INPEX (国際石油開発帝石) がフランスのTOTAL社と共同で開発に取り組んでいるイクシスLNGプロジェクトについて、INPEXは26日、その地上基地を北部準州 (NT) のダーウィンに建設すると発表しました。
これにより、西オーストラリア政府と北部準州政府とが、その建設誘致をめぐって綱引きを続けてきた問題は、北部準州の勝利となり、この誘致を公約に掲げて繰り上げ選挙を戦った同州のポール・ヘンダーソン州首相
(労働党) は、みごとその約束を果たすこととなり、オーストラリアにおける過去最大のプロジェクトが、同州を中心に動き始めることとなりました。

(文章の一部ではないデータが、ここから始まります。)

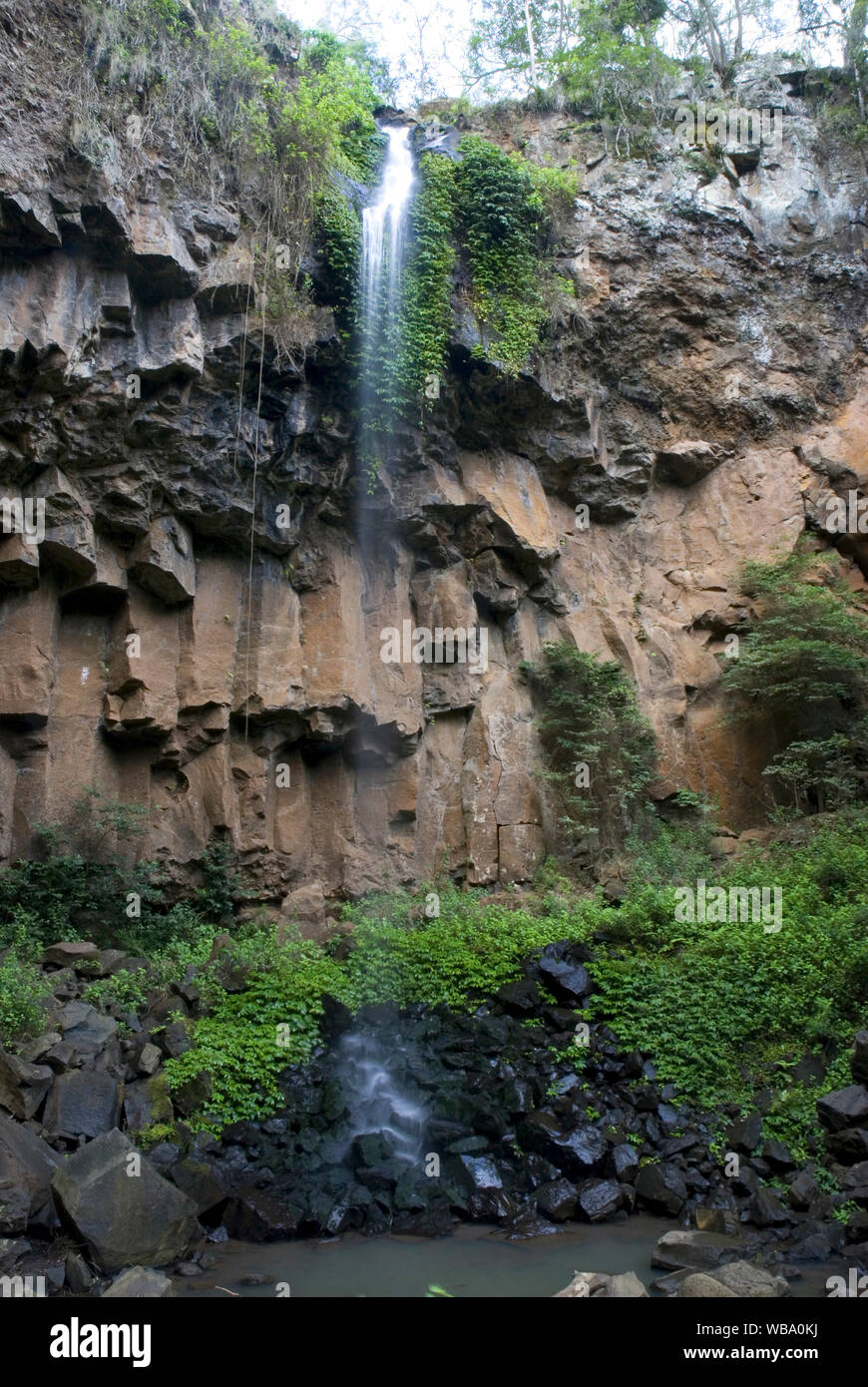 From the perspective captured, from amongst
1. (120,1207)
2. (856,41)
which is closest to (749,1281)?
(120,1207)

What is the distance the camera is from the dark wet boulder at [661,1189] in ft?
25.7

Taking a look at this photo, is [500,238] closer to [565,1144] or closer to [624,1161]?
[565,1144]

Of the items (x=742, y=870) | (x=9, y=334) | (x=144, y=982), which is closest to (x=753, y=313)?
(x=742, y=870)

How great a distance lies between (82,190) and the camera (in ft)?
36.8

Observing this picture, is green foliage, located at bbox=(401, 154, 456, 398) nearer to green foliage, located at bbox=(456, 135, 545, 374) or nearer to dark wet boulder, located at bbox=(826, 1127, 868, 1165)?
green foliage, located at bbox=(456, 135, 545, 374)

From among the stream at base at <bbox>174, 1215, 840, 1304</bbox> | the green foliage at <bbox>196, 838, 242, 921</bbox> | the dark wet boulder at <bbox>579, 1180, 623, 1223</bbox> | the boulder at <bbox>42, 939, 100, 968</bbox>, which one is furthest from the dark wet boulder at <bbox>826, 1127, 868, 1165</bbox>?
the green foliage at <bbox>196, 838, 242, 921</bbox>

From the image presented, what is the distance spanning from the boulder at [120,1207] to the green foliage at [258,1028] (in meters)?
1.45

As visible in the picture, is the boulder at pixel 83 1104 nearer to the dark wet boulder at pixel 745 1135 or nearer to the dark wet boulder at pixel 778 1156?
the dark wet boulder at pixel 745 1135

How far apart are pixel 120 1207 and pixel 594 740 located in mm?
10415

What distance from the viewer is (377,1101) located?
9.31 metres

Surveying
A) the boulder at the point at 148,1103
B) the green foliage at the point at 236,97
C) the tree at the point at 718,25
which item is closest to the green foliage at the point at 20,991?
the boulder at the point at 148,1103

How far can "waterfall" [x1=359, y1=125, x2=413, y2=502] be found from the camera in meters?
14.3

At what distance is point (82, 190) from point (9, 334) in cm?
209

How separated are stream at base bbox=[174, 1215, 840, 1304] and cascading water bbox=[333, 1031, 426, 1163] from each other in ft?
4.27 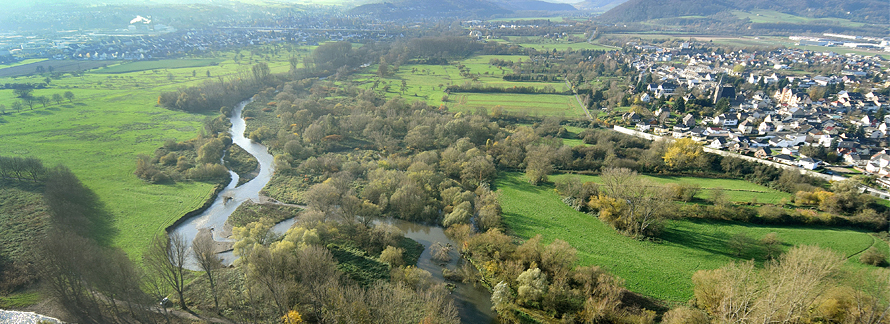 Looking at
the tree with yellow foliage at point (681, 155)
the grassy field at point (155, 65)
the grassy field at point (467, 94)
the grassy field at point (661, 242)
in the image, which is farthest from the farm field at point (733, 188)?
the grassy field at point (155, 65)

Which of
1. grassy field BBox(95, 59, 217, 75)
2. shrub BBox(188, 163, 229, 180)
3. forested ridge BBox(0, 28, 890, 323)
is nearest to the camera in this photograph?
forested ridge BBox(0, 28, 890, 323)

当初の計画では、西オーストラリア州キンバリーの島を地上基地の候補地としていましたが、この決定により、イクシス海底ガス田からダーウィンまでの850キロの海底パイプラインの敷設が必要となります。
26日の発表では、こうした変更や資材の値上がりや環境対策費用の増加により、その投資総額は、当初の60億米ドルから200億米ドル(240億豪ドル、2兆1000億円)へと跳ね上がります。

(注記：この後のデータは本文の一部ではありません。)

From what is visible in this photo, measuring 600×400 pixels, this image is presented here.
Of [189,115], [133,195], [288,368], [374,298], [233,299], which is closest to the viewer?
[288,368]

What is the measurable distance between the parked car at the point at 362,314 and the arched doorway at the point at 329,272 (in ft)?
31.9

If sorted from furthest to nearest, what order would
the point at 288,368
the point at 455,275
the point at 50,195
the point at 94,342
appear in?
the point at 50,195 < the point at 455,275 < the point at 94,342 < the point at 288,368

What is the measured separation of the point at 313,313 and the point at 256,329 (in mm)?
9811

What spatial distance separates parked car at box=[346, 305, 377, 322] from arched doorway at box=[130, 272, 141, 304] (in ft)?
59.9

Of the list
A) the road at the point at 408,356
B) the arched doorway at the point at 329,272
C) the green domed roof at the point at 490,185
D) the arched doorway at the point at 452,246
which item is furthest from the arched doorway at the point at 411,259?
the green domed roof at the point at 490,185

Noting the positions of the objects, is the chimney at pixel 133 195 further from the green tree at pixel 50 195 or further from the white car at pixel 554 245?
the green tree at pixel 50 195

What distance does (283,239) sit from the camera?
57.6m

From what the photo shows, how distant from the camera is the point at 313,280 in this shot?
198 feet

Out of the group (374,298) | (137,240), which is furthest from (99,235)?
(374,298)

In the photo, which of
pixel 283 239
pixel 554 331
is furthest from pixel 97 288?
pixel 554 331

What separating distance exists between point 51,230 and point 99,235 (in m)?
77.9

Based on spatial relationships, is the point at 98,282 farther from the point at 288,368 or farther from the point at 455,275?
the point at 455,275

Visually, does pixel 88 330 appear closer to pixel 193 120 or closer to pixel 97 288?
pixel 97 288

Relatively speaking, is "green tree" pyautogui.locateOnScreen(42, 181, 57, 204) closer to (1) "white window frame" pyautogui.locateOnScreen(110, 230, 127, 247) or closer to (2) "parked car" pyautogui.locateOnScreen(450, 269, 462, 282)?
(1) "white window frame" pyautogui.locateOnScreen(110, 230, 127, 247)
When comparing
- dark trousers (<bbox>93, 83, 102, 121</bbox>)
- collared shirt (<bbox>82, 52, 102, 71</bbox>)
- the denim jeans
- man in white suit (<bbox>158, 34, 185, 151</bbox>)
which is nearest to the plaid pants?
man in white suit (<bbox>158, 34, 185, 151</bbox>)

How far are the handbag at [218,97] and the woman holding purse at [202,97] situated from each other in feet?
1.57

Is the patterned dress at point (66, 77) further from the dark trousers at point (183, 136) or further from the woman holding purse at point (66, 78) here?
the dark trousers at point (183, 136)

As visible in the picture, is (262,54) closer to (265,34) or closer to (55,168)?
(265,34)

INPEXのスポークスマンによると、二つの候補地間の建設費用の違いは 「無視しうるほど」 としています。また、この勝利の要因は、NTの認可手続き、土地保有の確実性、政府の支援、INPEX側の時間的に厳しい計画枠に応えられる実情、があったとしています。

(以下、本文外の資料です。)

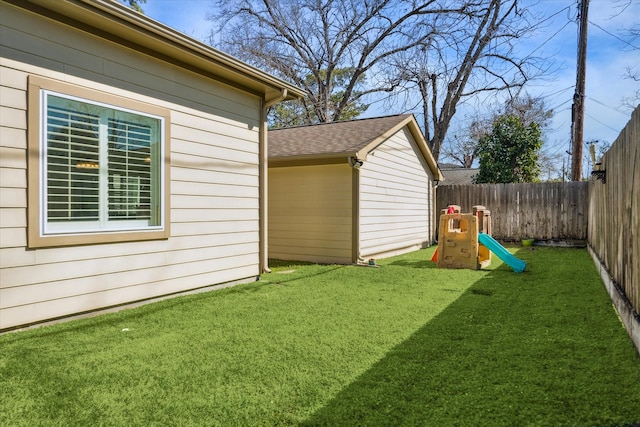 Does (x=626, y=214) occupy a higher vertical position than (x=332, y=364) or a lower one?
higher

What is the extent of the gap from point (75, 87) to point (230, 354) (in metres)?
2.95

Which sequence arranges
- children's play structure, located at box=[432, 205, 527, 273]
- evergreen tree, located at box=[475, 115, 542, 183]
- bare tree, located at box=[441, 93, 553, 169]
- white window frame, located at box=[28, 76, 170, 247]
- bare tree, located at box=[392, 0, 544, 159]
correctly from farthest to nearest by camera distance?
bare tree, located at box=[441, 93, 553, 169], bare tree, located at box=[392, 0, 544, 159], evergreen tree, located at box=[475, 115, 542, 183], children's play structure, located at box=[432, 205, 527, 273], white window frame, located at box=[28, 76, 170, 247]

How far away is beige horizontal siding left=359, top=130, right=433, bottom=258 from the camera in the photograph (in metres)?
8.85

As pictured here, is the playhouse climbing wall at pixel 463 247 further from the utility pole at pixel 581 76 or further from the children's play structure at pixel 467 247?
the utility pole at pixel 581 76

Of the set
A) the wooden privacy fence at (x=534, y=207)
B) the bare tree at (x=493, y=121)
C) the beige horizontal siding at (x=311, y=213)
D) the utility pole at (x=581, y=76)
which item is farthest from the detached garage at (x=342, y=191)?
the bare tree at (x=493, y=121)

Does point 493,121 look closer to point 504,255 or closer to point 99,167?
point 504,255

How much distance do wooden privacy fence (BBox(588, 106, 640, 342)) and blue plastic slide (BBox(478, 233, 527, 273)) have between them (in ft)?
6.23

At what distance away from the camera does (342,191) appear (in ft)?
27.7

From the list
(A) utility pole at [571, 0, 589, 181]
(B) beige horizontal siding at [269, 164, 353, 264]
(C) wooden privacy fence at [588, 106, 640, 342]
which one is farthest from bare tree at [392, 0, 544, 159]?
(C) wooden privacy fence at [588, 106, 640, 342]

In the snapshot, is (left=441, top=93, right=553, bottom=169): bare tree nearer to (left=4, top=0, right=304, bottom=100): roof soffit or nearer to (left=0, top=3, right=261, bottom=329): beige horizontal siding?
(left=4, top=0, right=304, bottom=100): roof soffit

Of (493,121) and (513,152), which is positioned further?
(493,121)

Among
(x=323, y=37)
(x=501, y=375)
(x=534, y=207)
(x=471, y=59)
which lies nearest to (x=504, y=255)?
(x=501, y=375)

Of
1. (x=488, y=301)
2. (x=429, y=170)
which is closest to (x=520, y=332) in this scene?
(x=488, y=301)

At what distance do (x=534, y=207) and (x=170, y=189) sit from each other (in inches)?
411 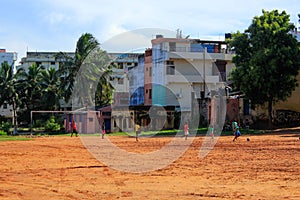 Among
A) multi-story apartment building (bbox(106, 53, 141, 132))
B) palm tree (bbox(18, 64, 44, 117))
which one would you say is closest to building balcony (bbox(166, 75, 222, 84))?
multi-story apartment building (bbox(106, 53, 141, 132))

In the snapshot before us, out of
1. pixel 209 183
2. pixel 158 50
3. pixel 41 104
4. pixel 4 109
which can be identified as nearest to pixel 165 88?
pixel 158 50

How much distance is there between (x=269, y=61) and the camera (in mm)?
37656

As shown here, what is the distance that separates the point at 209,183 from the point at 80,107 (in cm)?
3722

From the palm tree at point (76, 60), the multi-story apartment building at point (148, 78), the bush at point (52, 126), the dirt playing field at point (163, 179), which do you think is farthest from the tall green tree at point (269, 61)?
the dirt playing field at point (163, 179)

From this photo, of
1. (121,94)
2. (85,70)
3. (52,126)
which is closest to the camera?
(52,126)

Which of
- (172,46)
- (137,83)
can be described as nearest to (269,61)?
(172,46)

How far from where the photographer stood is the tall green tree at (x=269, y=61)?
124 ft

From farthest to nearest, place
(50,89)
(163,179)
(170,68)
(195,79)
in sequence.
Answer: (195,79), (170,68), (50,89), (163,179)

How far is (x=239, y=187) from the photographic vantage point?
11688mm

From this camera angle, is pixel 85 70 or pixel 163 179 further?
pixel 85 70

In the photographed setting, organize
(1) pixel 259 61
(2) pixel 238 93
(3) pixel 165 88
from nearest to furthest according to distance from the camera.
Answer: (1) pixel 259 61 < (2) pixel 238 93 < (3) pixel 165 88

またヘンダーソン州首相は、「この決定は、同州の経済の将来を、今後数十年にわたり、明るくすることに貢献する」、と語っています。
計画によると、その建設は2010年に始まり、2014年よりLNGの積み出しが始まり、その段階では、オーストラリアのLNG輸出の50パーセントをしめることとなります。なお、今回の発表は最終的決定によるものでなく、今後一年かけて、その決定を行うとしています。
ダーウィンといえば、真珠湾攻撃からわずが2ヶ月後の1942年2月、日本軍による大規模な空襲が行われた地で、オーストラリアを戦争の恐怖におとしいれました。その空襲には、真珠湾の2倍の量の爆弾が投下されたといいます。町の中心部の公園には、その記念碑が建てられています。それから60年以上が過ぎたとはいえ、日本をめぐるこの明暗は、日豪関係の歴史の多彩さ、一見ほど単純ではない側面を物語っています。